(Collected data)
☆ ☆ ☆ ☆ ☆

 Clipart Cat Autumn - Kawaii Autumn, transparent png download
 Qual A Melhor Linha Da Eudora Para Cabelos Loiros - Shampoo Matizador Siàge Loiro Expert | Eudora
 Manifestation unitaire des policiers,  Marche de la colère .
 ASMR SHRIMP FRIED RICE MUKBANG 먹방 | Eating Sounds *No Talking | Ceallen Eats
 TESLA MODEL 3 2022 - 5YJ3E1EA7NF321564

☆ ☆ ☆ ☆ ☆

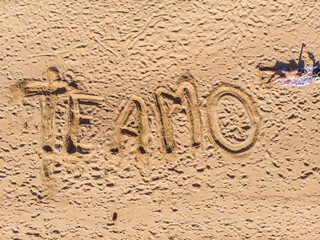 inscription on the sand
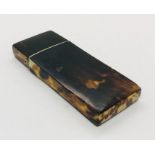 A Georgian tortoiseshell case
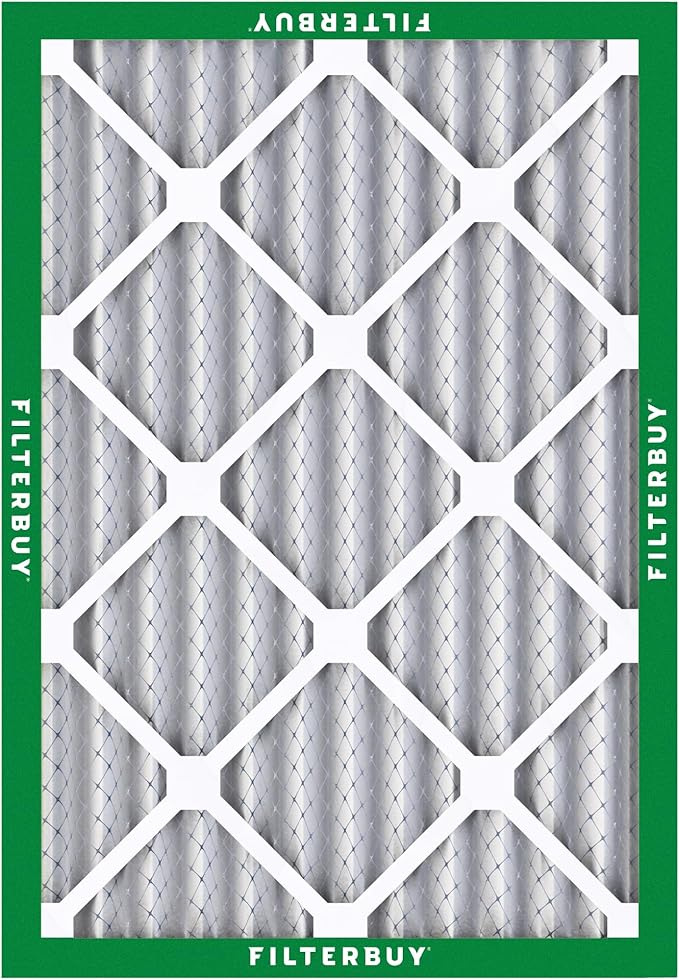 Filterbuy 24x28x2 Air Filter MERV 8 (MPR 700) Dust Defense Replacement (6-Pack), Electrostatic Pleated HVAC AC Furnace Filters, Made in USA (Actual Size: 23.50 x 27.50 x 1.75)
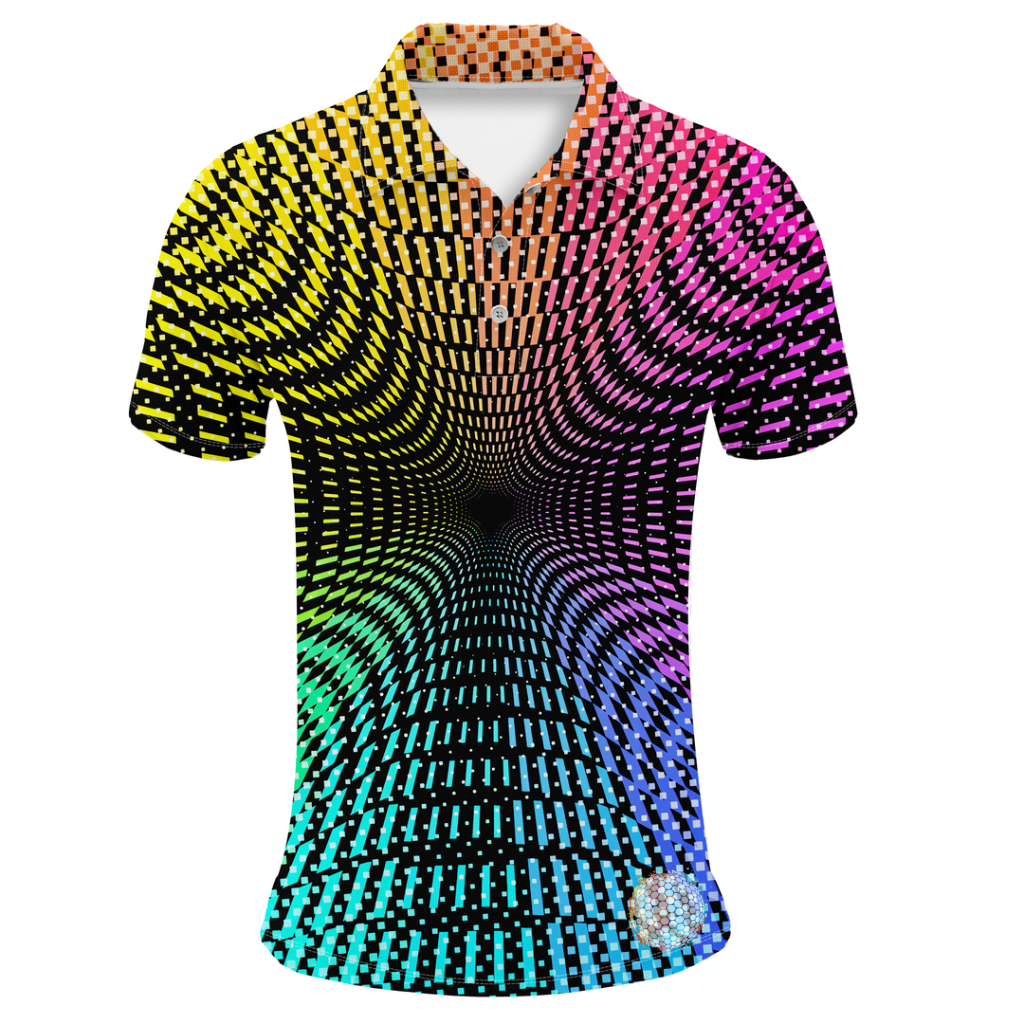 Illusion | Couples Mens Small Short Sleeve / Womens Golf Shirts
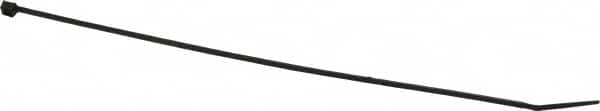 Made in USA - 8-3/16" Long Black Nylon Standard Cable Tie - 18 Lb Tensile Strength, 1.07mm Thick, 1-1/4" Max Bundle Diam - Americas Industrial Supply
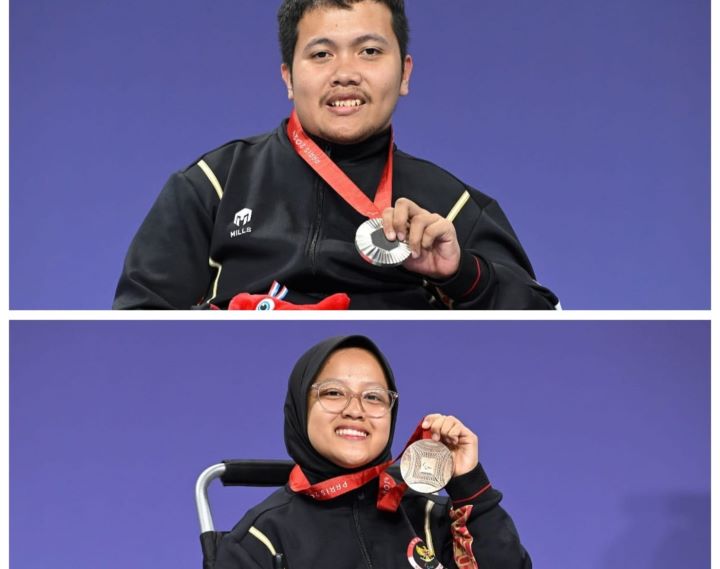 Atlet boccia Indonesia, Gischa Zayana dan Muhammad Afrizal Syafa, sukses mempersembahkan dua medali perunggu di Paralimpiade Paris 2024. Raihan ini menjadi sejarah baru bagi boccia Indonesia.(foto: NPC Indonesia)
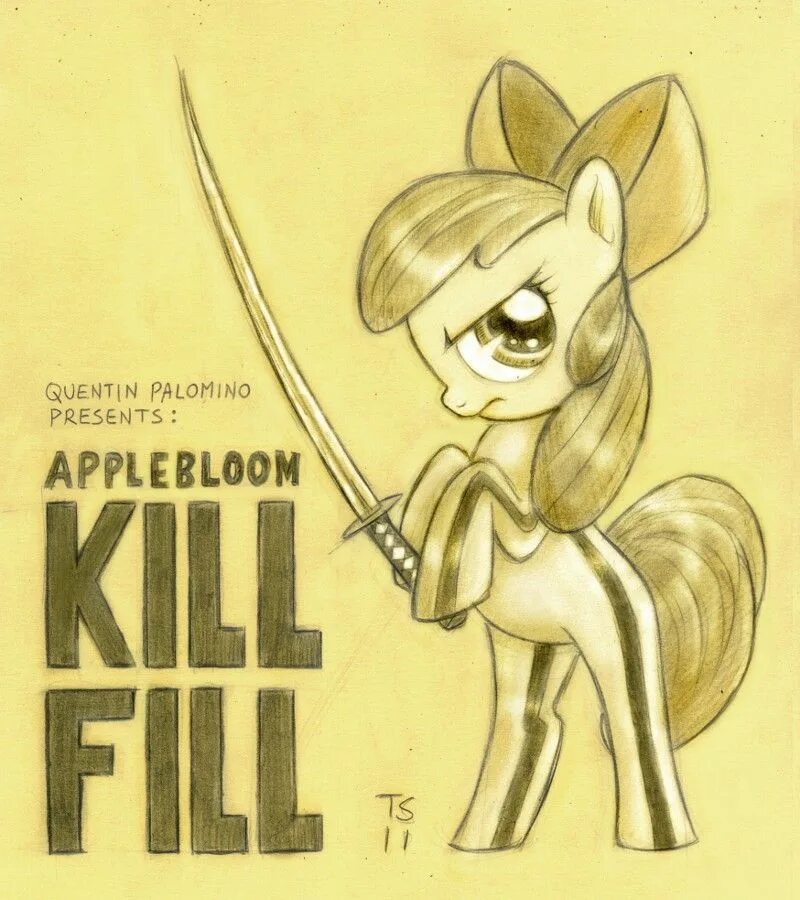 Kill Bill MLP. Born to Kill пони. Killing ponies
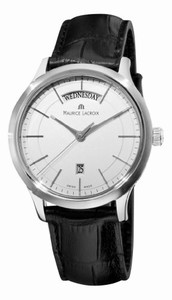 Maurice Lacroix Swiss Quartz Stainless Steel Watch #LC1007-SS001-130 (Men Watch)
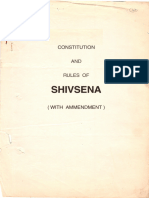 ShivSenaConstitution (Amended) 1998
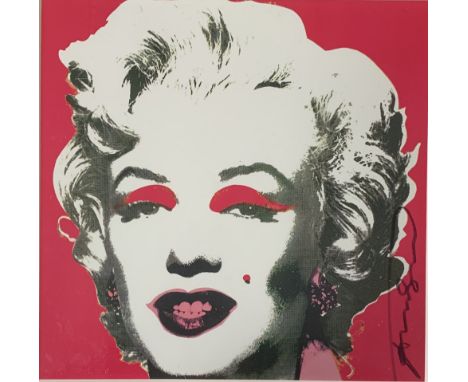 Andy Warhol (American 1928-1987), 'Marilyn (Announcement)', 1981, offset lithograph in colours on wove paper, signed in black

☆ ☆ ☆ ☆ ☆

Find the line with "Americas Industrial Supply" and the line with "Andy Warhol (American" in the records above. Copy both and all lines between them exactly, without pictures.

 Made in USA - 8-3/16" Long Black Nylon Standard Cable Tie - 18 Lb Tensile Strength, 1.07mm Thick, 1-1/4" Max Bundle Diam - Americas Industrial Supply
 Atlet boccia Indonesia, Gischa Zayana dan Muhammad Afrizal Syafa, sukses mempersembahkan dua medali perunggu di Paralimpiade Paris 2024. Raihan ini menjadi sejarah baru bagi boccia Indonesia.(foto: NPC Indonesia)
 Kill Bill MLP. Born to Kill пони. Killing ponies
 Maurice Lacroix Swiss Quartz Stainless Steel Watch #LC1007-SS001-130 (Men Watch)
 ShivSenaConstitution (Amended) 1998
 Andy Warhol (American 1928-1987), 'Marilyn (Announcement)', 1981, offset lithograph in colours on wove paper, signed in black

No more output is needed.